** TASK GOAL **
Find each line below where the word "estampado" occurs, and copy it.

RECORDS PROVIDED Start Marker

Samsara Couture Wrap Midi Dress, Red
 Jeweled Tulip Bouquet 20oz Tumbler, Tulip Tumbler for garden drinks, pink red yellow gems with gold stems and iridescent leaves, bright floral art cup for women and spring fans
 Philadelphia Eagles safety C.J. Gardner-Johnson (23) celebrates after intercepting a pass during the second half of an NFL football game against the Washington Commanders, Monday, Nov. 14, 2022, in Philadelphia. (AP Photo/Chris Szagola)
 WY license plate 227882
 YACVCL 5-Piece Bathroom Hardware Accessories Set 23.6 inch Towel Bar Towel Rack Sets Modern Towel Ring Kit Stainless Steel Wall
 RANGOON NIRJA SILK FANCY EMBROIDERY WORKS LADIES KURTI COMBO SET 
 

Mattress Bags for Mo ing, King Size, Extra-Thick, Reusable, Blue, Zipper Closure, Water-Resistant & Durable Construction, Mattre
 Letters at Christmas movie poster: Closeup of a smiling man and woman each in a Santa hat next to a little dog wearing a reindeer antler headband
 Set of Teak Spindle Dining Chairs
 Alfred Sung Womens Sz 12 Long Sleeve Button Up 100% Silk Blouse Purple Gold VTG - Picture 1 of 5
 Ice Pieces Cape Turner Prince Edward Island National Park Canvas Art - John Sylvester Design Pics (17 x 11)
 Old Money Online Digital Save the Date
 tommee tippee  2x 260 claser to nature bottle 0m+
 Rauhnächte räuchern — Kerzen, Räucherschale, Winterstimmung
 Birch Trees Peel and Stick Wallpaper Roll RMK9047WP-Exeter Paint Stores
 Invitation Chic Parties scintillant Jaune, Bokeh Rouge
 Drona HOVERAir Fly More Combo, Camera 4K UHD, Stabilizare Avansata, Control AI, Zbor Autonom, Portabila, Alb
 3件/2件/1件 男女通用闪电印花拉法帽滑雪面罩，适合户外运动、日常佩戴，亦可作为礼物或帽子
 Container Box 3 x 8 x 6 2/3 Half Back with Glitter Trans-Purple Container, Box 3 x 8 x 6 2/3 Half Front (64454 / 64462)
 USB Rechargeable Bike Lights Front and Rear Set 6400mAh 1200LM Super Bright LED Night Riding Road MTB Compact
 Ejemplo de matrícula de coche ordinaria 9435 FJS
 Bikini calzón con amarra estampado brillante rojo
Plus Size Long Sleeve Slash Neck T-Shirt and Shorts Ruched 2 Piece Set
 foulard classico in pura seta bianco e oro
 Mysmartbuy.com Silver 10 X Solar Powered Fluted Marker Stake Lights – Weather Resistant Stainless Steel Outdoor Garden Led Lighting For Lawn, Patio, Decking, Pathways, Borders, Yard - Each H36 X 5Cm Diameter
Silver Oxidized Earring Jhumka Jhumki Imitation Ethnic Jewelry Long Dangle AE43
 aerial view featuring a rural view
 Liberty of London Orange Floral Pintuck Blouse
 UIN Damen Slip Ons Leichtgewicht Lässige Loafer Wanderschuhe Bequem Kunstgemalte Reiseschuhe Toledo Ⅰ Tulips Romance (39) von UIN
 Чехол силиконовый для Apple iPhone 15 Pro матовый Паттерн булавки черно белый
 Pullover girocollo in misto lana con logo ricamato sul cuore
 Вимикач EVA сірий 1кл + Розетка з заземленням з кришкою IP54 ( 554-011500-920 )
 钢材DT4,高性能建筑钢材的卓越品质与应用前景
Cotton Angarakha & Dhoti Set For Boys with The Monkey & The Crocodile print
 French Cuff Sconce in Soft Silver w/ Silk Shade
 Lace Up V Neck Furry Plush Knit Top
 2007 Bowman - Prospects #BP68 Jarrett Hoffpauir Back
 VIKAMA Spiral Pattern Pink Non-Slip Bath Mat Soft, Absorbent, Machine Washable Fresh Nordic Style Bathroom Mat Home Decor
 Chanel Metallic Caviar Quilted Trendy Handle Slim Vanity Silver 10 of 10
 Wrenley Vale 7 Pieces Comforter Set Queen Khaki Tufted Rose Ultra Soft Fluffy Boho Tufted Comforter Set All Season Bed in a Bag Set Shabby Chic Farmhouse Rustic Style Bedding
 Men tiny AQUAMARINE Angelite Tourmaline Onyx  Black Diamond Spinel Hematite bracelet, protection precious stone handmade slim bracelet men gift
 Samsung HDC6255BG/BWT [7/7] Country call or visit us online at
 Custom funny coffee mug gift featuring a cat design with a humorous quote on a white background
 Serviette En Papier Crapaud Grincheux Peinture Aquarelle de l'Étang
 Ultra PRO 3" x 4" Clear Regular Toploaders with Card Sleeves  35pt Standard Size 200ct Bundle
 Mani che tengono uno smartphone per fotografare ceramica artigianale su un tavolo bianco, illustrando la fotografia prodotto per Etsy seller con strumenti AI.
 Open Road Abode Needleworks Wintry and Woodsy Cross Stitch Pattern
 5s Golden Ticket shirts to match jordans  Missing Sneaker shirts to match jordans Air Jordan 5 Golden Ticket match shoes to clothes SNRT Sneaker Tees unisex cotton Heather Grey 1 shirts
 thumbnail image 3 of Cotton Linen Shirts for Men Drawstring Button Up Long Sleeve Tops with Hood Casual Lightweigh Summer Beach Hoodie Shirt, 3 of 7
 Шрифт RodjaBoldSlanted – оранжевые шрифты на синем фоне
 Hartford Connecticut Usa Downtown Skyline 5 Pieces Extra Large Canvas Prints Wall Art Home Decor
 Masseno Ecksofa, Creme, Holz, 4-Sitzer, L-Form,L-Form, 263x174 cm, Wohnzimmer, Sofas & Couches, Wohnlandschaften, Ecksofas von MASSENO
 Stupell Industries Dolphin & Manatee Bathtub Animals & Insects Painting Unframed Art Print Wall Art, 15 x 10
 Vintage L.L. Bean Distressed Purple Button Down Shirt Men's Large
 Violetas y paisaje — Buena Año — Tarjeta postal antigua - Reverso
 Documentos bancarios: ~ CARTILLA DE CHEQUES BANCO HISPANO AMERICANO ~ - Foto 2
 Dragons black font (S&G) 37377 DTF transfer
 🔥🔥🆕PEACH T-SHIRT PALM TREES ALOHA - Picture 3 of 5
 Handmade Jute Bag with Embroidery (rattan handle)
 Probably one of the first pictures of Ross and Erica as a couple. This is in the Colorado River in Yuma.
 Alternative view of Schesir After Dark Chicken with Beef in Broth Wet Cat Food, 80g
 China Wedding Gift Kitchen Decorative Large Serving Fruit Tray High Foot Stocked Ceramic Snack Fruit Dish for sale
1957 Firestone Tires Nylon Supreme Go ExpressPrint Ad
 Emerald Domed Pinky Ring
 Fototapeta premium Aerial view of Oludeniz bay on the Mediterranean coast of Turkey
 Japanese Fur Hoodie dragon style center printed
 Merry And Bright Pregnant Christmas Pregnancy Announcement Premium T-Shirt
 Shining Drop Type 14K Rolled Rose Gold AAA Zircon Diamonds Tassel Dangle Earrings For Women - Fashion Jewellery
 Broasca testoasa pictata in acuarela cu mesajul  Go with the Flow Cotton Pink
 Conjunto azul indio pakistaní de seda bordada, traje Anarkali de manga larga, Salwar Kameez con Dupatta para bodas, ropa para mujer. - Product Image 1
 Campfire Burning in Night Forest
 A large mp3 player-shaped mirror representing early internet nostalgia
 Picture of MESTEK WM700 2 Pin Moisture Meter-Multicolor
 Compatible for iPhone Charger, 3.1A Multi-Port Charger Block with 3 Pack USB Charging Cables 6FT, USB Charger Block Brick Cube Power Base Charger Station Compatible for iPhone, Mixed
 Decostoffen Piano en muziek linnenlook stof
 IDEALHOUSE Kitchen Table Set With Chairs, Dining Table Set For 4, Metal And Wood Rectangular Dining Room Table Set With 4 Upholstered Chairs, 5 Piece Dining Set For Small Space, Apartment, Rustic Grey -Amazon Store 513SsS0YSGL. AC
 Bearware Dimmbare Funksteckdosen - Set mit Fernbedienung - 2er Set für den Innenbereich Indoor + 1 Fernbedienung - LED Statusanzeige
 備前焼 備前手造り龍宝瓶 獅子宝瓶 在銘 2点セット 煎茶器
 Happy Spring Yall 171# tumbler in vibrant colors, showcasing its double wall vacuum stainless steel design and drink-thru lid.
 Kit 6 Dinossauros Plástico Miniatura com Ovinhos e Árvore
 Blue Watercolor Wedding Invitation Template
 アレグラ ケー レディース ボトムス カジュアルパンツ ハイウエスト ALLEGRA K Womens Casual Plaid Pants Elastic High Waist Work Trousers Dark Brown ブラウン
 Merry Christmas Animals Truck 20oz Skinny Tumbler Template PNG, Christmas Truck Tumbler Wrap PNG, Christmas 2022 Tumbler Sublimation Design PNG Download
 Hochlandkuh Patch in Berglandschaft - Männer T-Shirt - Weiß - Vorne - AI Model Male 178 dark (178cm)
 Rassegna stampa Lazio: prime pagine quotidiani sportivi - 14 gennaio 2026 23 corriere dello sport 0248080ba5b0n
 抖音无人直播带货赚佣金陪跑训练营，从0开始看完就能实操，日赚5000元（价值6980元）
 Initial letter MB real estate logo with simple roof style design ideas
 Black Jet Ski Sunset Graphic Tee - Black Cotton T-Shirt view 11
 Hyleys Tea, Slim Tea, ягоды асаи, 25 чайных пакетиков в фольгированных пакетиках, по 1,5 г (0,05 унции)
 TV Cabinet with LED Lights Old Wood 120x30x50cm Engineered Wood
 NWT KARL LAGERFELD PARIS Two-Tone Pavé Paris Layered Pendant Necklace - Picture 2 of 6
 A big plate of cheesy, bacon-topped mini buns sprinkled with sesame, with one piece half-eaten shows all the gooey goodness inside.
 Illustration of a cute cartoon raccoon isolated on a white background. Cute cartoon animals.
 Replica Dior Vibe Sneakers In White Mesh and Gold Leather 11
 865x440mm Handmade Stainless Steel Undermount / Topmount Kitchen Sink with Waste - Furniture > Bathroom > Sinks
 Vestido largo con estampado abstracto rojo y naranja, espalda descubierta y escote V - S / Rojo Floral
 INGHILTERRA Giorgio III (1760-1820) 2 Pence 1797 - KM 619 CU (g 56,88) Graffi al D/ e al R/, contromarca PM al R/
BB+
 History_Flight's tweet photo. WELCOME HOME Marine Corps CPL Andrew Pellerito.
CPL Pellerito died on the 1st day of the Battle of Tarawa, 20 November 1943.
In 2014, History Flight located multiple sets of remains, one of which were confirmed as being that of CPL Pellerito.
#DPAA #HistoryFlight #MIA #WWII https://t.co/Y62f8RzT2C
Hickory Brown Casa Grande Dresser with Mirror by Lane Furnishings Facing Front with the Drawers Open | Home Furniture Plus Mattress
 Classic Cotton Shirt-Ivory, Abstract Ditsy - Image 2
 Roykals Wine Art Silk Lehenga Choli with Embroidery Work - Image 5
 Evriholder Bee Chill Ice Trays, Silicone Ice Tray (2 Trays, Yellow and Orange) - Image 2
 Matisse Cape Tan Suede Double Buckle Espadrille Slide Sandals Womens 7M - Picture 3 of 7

RECORDS PROVIDED End Marker

** ANSWER **
 Bikini calzón con amarra estampado brillante rojo
 Vestido largo con estampado abstracto rojo y naranja, espalda descubierta y escote V - S / Rojo Floral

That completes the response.